Inspirational Writing Books
Monday, Feb. 25, 2019, 11:23 a.m.Georgetown LibraryStaff Picks
Inspirational Writing Books
Don't Give Up Your New Year's Resolution
Did you make a New Year’s Resolution to write the great American novel or take up another artistic endeavor? Are you now finding yourself a month after New Years, with your goals and hopes dashed? You need a creativity pep talk. The following is a list of books designed to get you back on track, restore your enthusiasm and remind you of why you started that creative project in the first place.
- Make Good Art: The Speech by Neil Gaiman – This book is hands down my number one suggestion to revitalize yourself towards your project. If you only have 5 minutes during your lunch hour, grab this book. It was originally a graduation speech made by celebrated fiction and comic author Neil Gaiman at the University of Arts in Philadelphia about his career in the arts. Gaiman’s words combined with Chip Kidd’s brilliant book design and typesetting create an invigorating pep talk that will leave you feeling refreshed to return to your novel, painting or other creative goal.

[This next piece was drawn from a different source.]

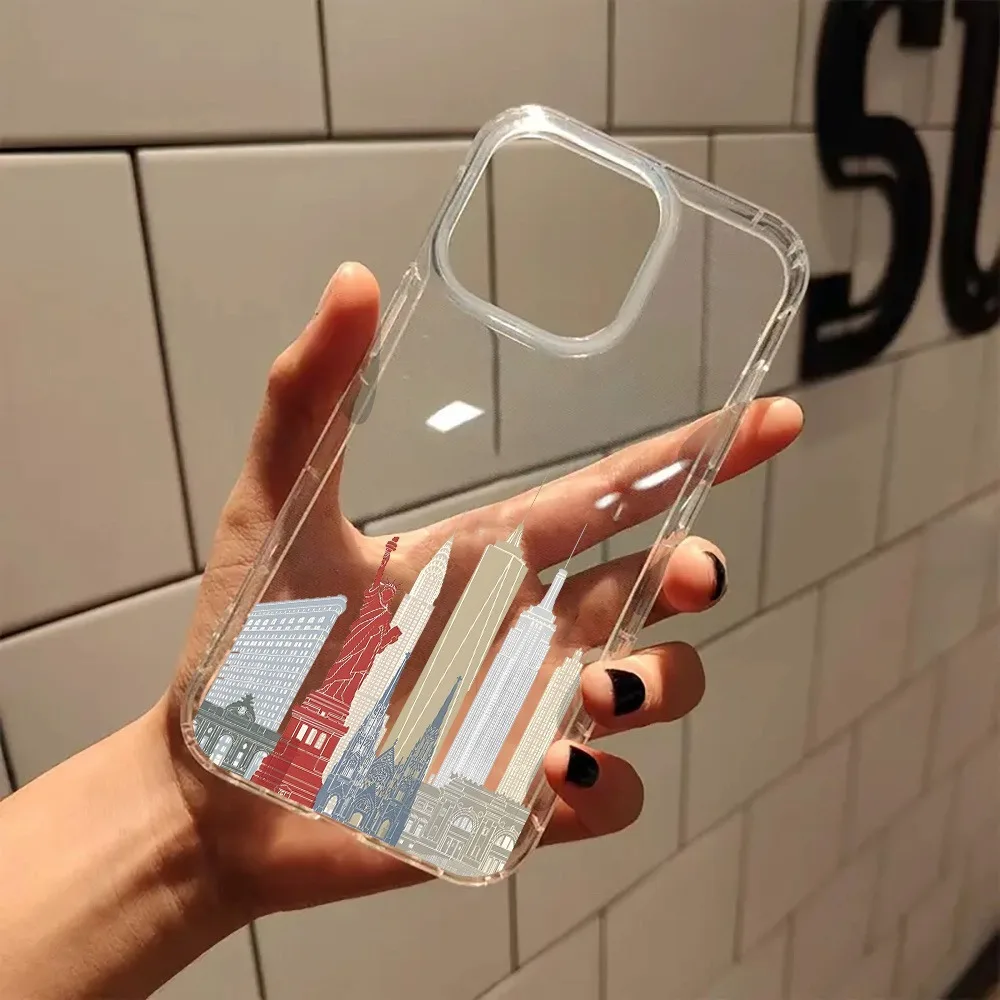 Funda de teléfono transparente Preppy estética de Nueva York City para iPhone 17 16 Pro Max 11 12 13 14 15 7 8 Plus XR XS XR Funda dura - imagen 5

- Steal Like an Artist by Austin Kleon – Stuck on a particular project? Austin will remind you the importance of consuming the type of art that you’re trying to make. Trying to write a novel and stuck? Read novels by authors you enjoy to jump start your creativity and mind. The same goes for other types of art. Austin’s direct and useful tips will help you look at the process of creativity in a different way.
- The War of Art: Break Through the Blocks and Win Your Inner Creative Battles by Steven Pressfield – According to Steven Pressfield, resistance is the worst force in existence. His theory is that staring down a blank page takes more courage than anything else in life. Organized in quick sections, this book will help to overcome procrastination by defining it and examining different aspects of it. The strengths of this book are that they simplify the obstacles preventing you from accomplishing your goal into one category and thus break down barriers so you can get started on your project.
- For Everyone by Jason Reynolds – The really remarkable thing about this book is that Jason Reynolds started writing it before he became a New York Times bestselling author. This poem was first read at the Kennedy Center for the unveiling of the Martin Luther King Jr. Memorial, but it speaks to a wide audience. For anyone who has ever had a dream, particularly a creative dream that has been denied, this book is a sucker punch of motivation and hope.
- The Promise of Failure: One Writer’s Perspective on Not Succeeding by John Mcnally – Can failure be useful? John Mcnally thinks so. As a published novelist and short story writer, Mcnally is very familiar with being rejected. According to him, failure should be viewed as an opportunity for growth, instead of as a cultural taboo. Throughout this book, Mcnally turns the concept of failure inside out to examine how we can benefit and grow from failures, to make them feel like just another important step in the process to completing your project.
- Big Magic by Elizabeth Gilbert: Elizabeth Gilbert takes a philosophical look at creativity and how we get inspired. Her upbeat approach to looking at the courage it takes to tackle writing a novel endeavors to empower the reader to tackle their own insecurities and frustrations when it comes to creative endeavors. This book is a refreshing new perspective on how to create and might just change the way you look at the creative process.
- The Artist’s Way: A Spiritual Path to Higher Creativity by Julia Cameron -- This book is organized into exercises to be completed in a series of weeks. If you’re looking to take a break from your project and remember why you started it in the first place-- this could be a good book for you. It will reshape your creative habits before you delve back into your project. Ideas like “daily pages,” and “artist’s date,” could be the key to getting back into your project.
- Several short sentences about writing by Verlyn Klinkenborg -- Can the length of your sentences make a difference in completing your project? Verlyn Klinkenborg thinks so. He argues that a sentence is the only way of communicating with readers. Thus, giving it more attention is the key to conveying your idea clearer. This book may not be useful unless you already have some words on the page, but could be the key looking at your project in a new way. In a refreshing fashion, this book itself is written in short, easy-to-digest sentences. If you’re looking for a way to reframe your perspective of writing, this book is an excellent place to start.
- Writing Down The Bones: Freeing the Writer Within by Natalie Goldberg -- If the thought of sitting down to a blank page and putting down words has you breaking out into a cold sweat, then this is book will help. It will completely reframe the way you look at the process of writing. With a variety of easy to implement suggestions, Goldberg looks at the minute aspects of the act of writing. She discusses the texture of paper, the type of pen you use and what type of notebook you write in. Changing some of these small things, may just give you the push you need to delve back into your project.